----- DATASET SECTION

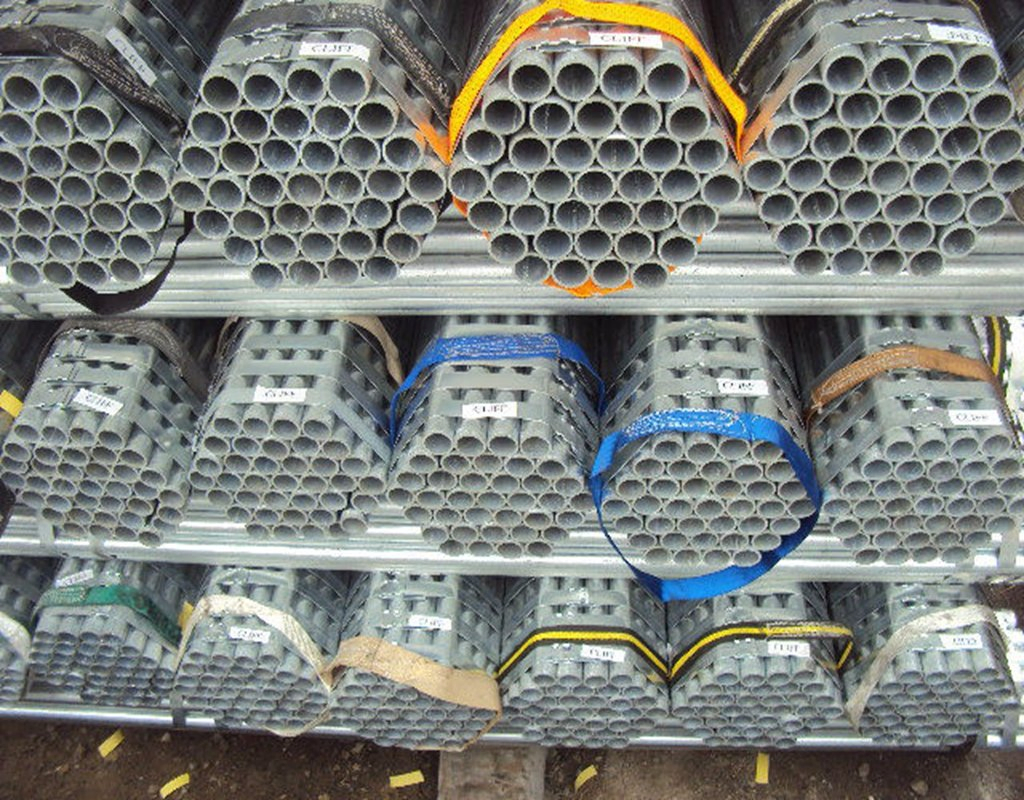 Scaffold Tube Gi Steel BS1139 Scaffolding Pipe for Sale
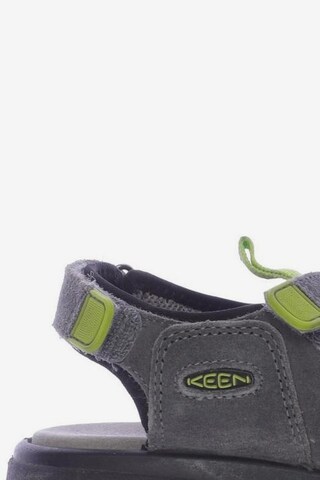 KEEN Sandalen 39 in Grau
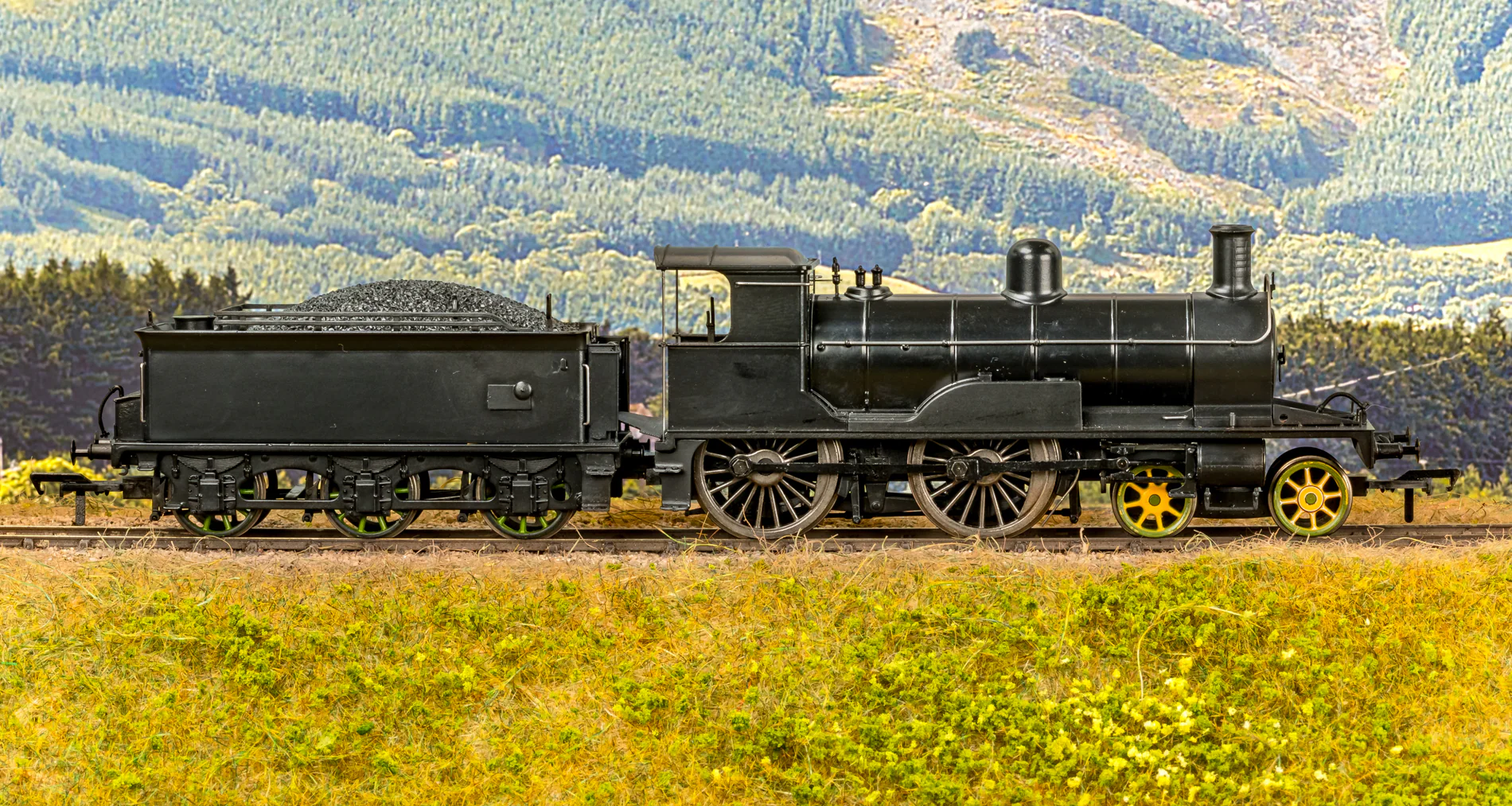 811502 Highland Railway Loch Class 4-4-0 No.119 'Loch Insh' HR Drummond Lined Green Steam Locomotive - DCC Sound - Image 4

----------

> _WORK REQUIRED_: Reproduce exactly the lines above from the one with "KEEN Sandalen 39 in Grau" through the last line of the data, keeping both ends and dropping the pictures.

> _SOLUTION_:
 KEEN Sandalen 39 in Grau
 811502 Highland Railway Loch Class 4-4-0 No.119 'Loch Insh' HR Drummond Lined Green Steam Locomotive - DCC Sound - Image 4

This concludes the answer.